Two reinforcing bets: an API-first surface that lets operators (and their AI assistants) drive pricing from code instead of clicks, and richer market-relative signal so those decisions are better informed. The MCP move is the directional one — it turns Wheelhouse from an app you log into a set of levers an agent can pull. The pricing-intelligence releases (neighborhood metrics, event detection, anchoring sources) suggest the differentiation is shifting toward data quality and market context.
Expect the RM API and MCP surface to keep expanding toward full write parity and more operators building automation on top; the pricing-intelligence cadence points to more neighborhood and demand-signal metrics next.

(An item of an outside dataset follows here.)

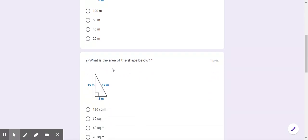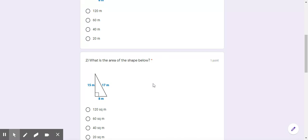Number two says, what is the area of the shape below? Now remember, there is a certain formula to find the area of a triangle. He went over it in the video today and it's one half base times the height. So once you put the numbers into that formula, is the answer 120 square meters, 60 square meters, 40 square meters, or 20 square meters?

ShipHero grinds out warehouse-workflow refinements, sanding friction off packing, putaway, and reporting
ShipHero is in steady incremental mode, shipping a stream of targeted warehouse-operations refinements. The recent window clusters around three areas: Hospital (problem) location management with new filters, bulk cleanup, and mobile issue detail; packing and scanning workflow changes; and more filtering/reporting in the 3PL Portal and Shipments Report. Each release is a small, concrete quality-of-life fix aimed at warehouse and 3PL operators.
The direction is operational polish rather than new capability: reduce clicks, add filters where operators hit friction, and give 3PL teams more control over holds, containers, and locations. The Aug 3 packing-scan behavior change shows a willingness to simplify entrenched workflows based on customer feedback, even at the cost of an opt-out.
Expect the same cadence of workflow and reporting refinements across packing, putaway, and the 3PL Portal, driven by operator feedback, with no directional pivot signaled in these entries.